• What the task asks
Pictures in the data should be dropped; transcribe exactly the lines from the one that has "necklace with pearl" through the one that has "A modern kitchen".

Dataset items
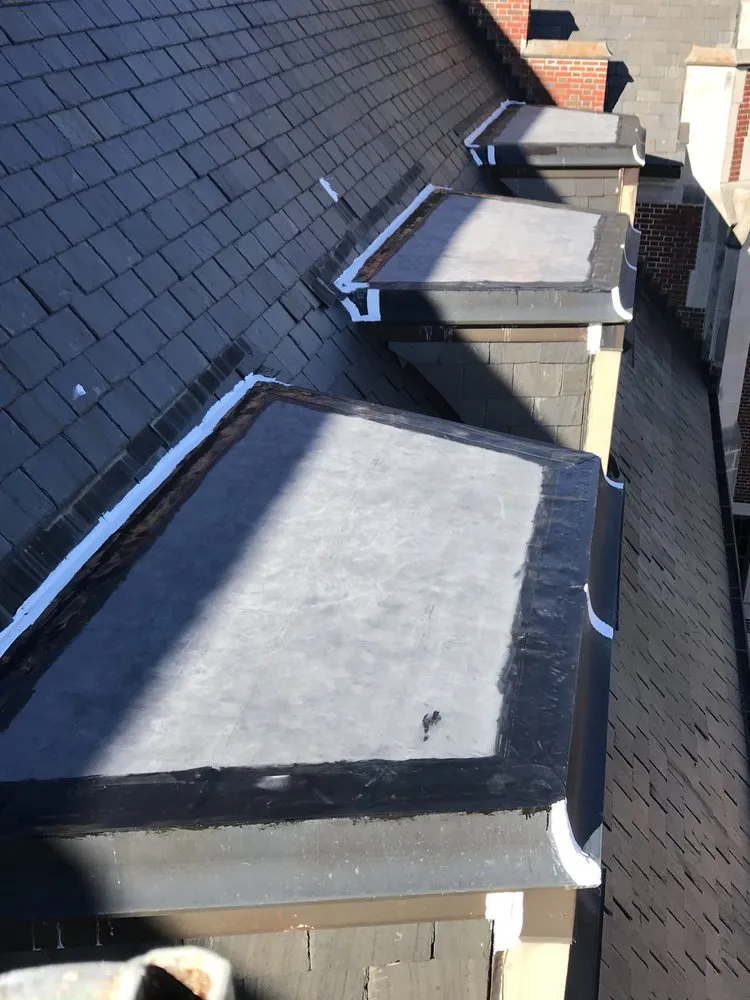 Slide of Advanced Roofing & Paving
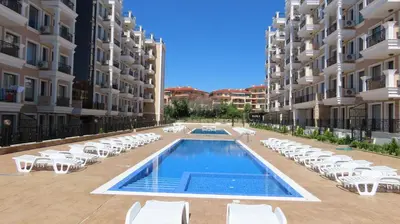 a swimming pool in the middle of a building with white lounge chairs at Polarstar Apartment Verona in Sveti Vlas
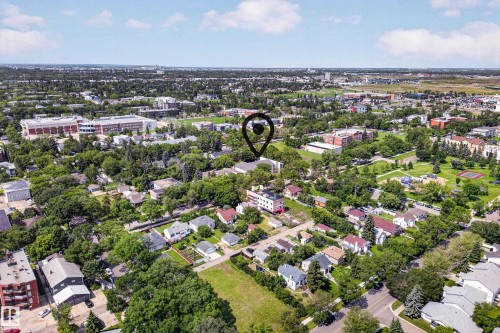 Aerial perspective showcasing a residential area amidst mature trees, with several multi-story buildings and green spaces visible in the surrounding neighborhood - #206 10842 107 St Nw, Edmonton, AB - Outdoor With View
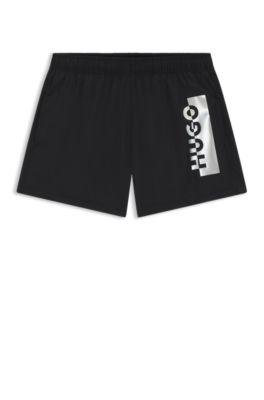 Swim shorts with metallic split logo by HUGO BOSS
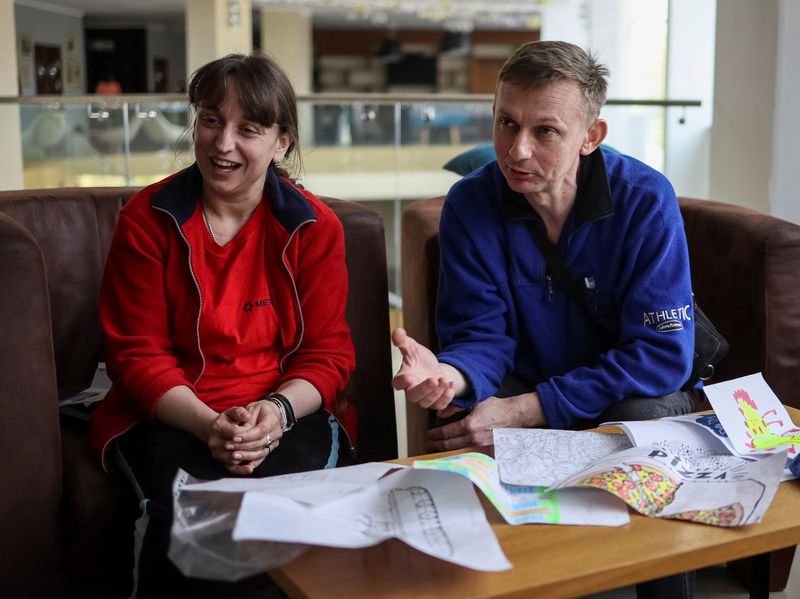 &copy; Reuters. Nataliya and Volodymyr Babeush, who were evacuated from Azovstal plant in Mariupol, amid Russia's invasion in Ukraine, speak during an interview with Reuters in Zaporizhzhia, Ukraine May 9, 2022. Picture taken May 9, 2022.  REUTERS/Gleb Garanich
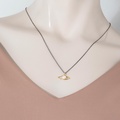Gold “eye” necklace with pearl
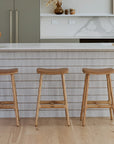 A modern kitchen with a white island featuring vertical tile lines, minimalist cabinetry, a gold faucet, and three Wooden Stories Odd Counter Stools | Leather. Light wood flooring and decorative accents complete the look.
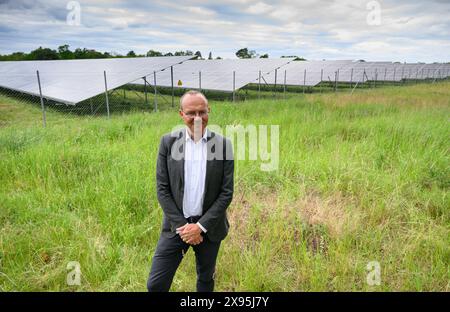 Zeithain, Allemagne. 29 mai 2024. Wolfram Günther (Bündnis90/Die Grünen), ministre de l'environnement de Saxe, se tient devant les modules solaires de l'Enerparc Solarpark Zeithain lors de l'inauguration officielle. D’une superficie de plus de 95 hectares, le parc solaire d’un ancien site militaire est le plus grand du district de Meißen et alimente environ 25 000 foyers en électricité verte. (Photo prise avec un drone). Crédit : Robert Michael/dpa/Alamy Live News Banque D'Images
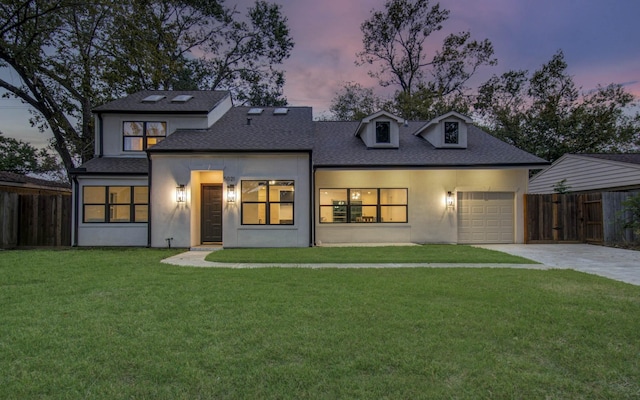 view of front of house featuring a garage and a lawn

• Answer to this exercise
Gold “eye” necklace with pearl
 A modern kitchen with a white island featuring vertical tile lines, minimalist cabinetry, a gold faucet, and three Wooden Stories Odd Counter Stools | Leather. Light wood flooring and decorative accents complete the look.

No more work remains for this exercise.